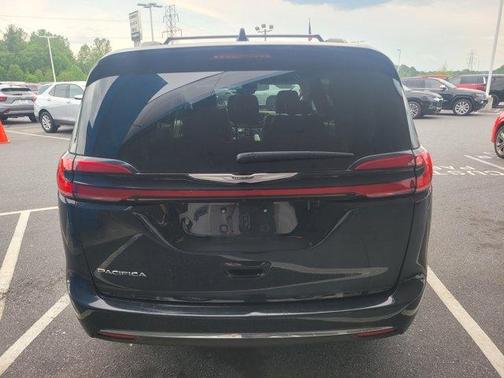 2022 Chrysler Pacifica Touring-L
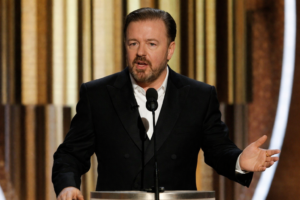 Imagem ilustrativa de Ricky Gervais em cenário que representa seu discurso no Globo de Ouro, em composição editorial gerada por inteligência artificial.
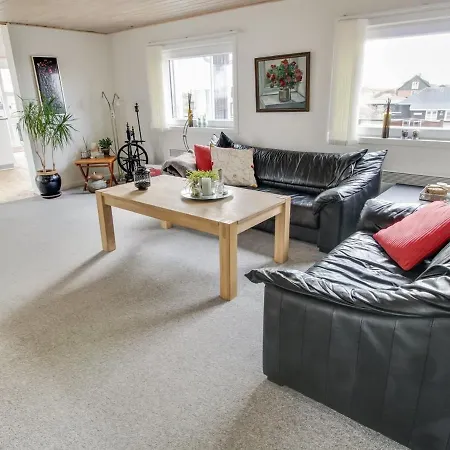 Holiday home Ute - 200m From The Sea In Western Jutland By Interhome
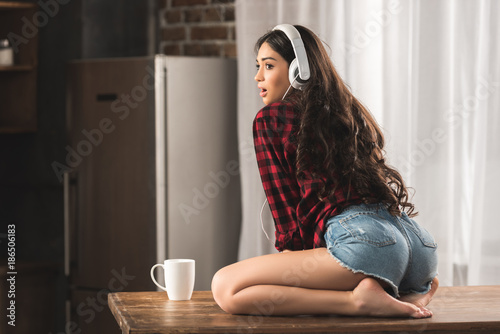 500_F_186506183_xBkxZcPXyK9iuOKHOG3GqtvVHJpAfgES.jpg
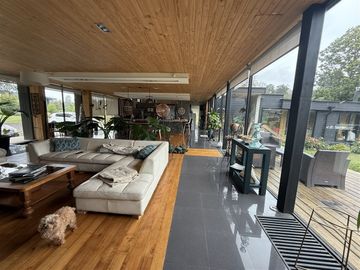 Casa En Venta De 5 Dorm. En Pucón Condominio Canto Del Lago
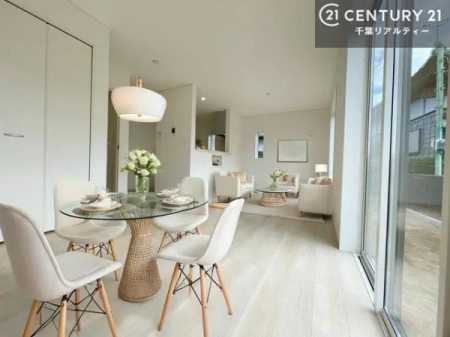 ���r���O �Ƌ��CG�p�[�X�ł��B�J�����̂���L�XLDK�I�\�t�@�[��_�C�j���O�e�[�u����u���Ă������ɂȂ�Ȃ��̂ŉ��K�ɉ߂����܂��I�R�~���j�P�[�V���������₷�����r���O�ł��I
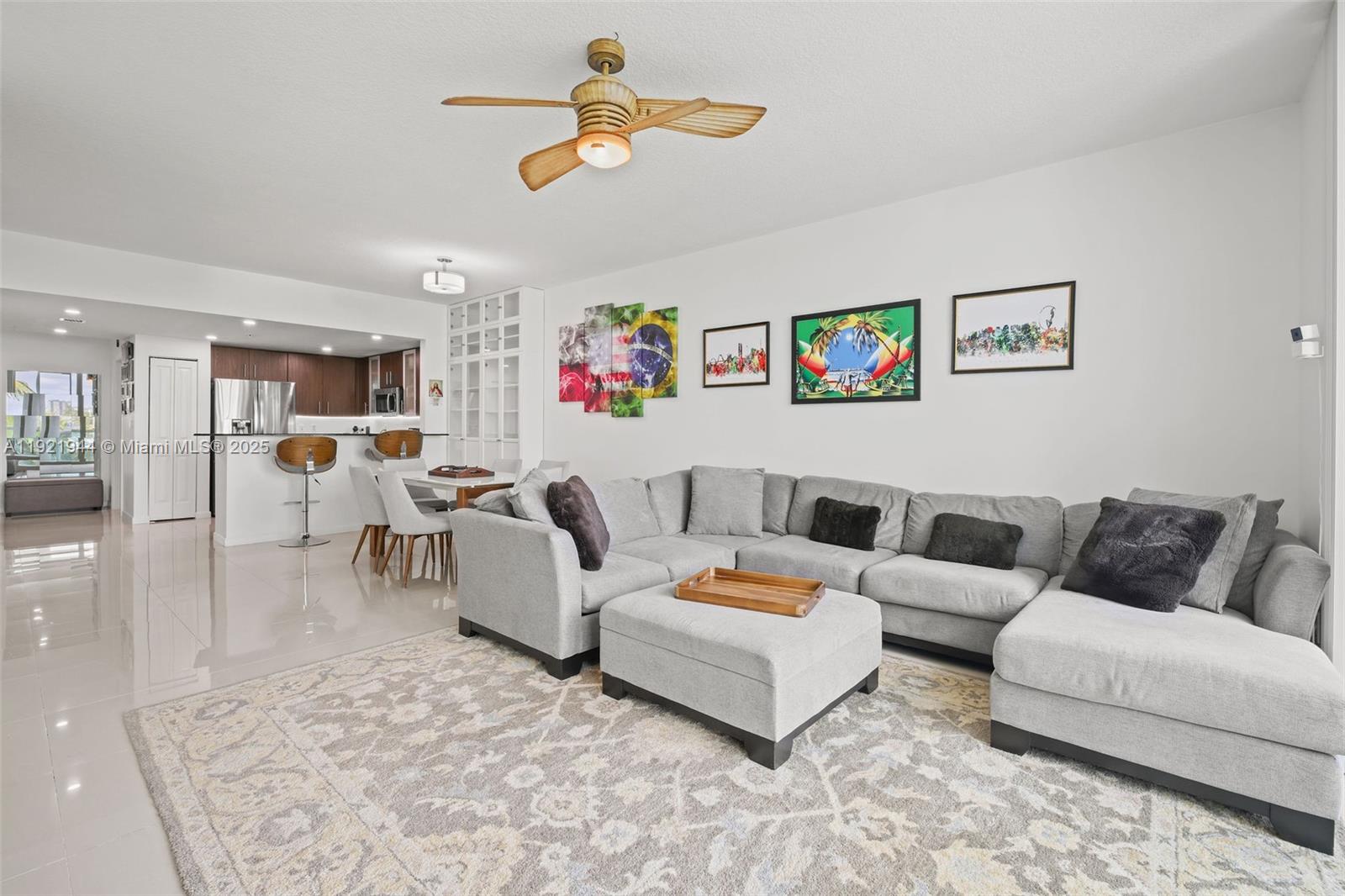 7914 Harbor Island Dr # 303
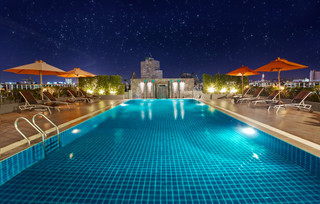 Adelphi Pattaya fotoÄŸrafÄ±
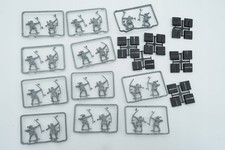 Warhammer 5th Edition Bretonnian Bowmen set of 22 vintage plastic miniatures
■ ■ ■ ■ ■
◆ **What to do**:
Without the pictures, retype each line of the records above exactly.

◆ **Result**:
 2022 Chrysler Pacifica Touring-L
 Imagem ilustrativa de Ricky Gervais em cenário que representa seu discurso no Globo de Ouro, em composição editorial gerada por inteligência artificial.
 Holiday home Ute - 200m From The Sea In Western Jutland By Interhome
 500_F_186506183_xBkxZcPXyK9iuOKHOG3GqtvVHJpAfgES.jpg
 Casa En Venta De 5 Dorm. En Pucón Condominio Canto Del Lago
 ���r���O �Ƌ��CG�p�[�X�ł��B�J�����̂���L�XLDK�I�\�t�@�[��_�C�j���O�e�[�u����u���Ă������ɂȂ�Ȃ��̂ŉ��K�ɉ߂����܂��I�R�~���j�P�[�V���������₷�����r���O�ł��I
 7914 Harbor Island Dr # 303
 Adelphi Pattaya fotoÄŸrafÄ±
 Warhammer 5th Edition Bretonnian Bowmen set of 22 vintage plastic miniatures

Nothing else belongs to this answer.